Menurut ANKRI, HH merupakan pihak eksternal yang diduga memperoleh fasilitas kredit istimewa hingga mencapai Rp25 miliar dengan jaminan berupa satu unit sepeda motor dan satu unit rumah, yang nilainya dinilai jauh di bawah plafon kredit. Hingga aksi unjuk rasa berlangsung, HH disebut masih memiliki kewajiban pinjaman tersebut dan diduga belum menunjukkan itikad untuk menyelesaikannya.
Kondisi tersebut menambah keresahan dan kemarahan para nasabah lainnya, karena pihak yang diduga terlibat hingga kini masih bebas beraktivitas dan belum diproses secara hukum.
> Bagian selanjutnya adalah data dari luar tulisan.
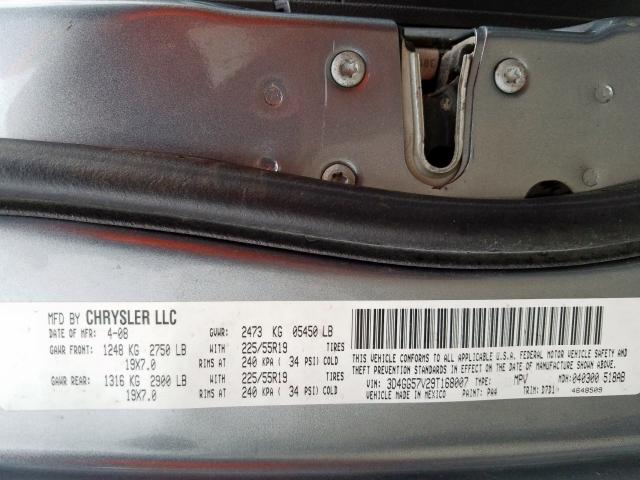 3D4GG57V29T168007 - 2009 DODGE JOURNEY SXT  photo 10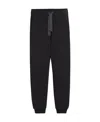 Lanvin Curb Woven Drawstring Track Pants In Black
“Kami datang ke Kejati Jawa Barat untuk menuntut keadilan bagi nasabah. Penegakan hukum jangan berhenti pada internal saja, tetapi juga harus mengusut pihak eksternal yang diduga menikmati fasilitas kredit dengan jaminan yang tidak sebanding nilainya,” ujar Andika Prayoga dalam aksi tersebut.
Ia juga menyampaikan bahwa HH sempat diperiksa oleh pihak Kejati Jawa Barat. Namun, menurutnya, setelah adanya penyerahan uang senilai Rp3 miliar, proses penyelidikan diduga tidak berlanjut.
“Kami mempertanyakan uang Rp3 miliar tersebut, apakah itu cicilan pinjaman atau bentuk lain. Ini perlu kejelasan hukum,” tegasnya.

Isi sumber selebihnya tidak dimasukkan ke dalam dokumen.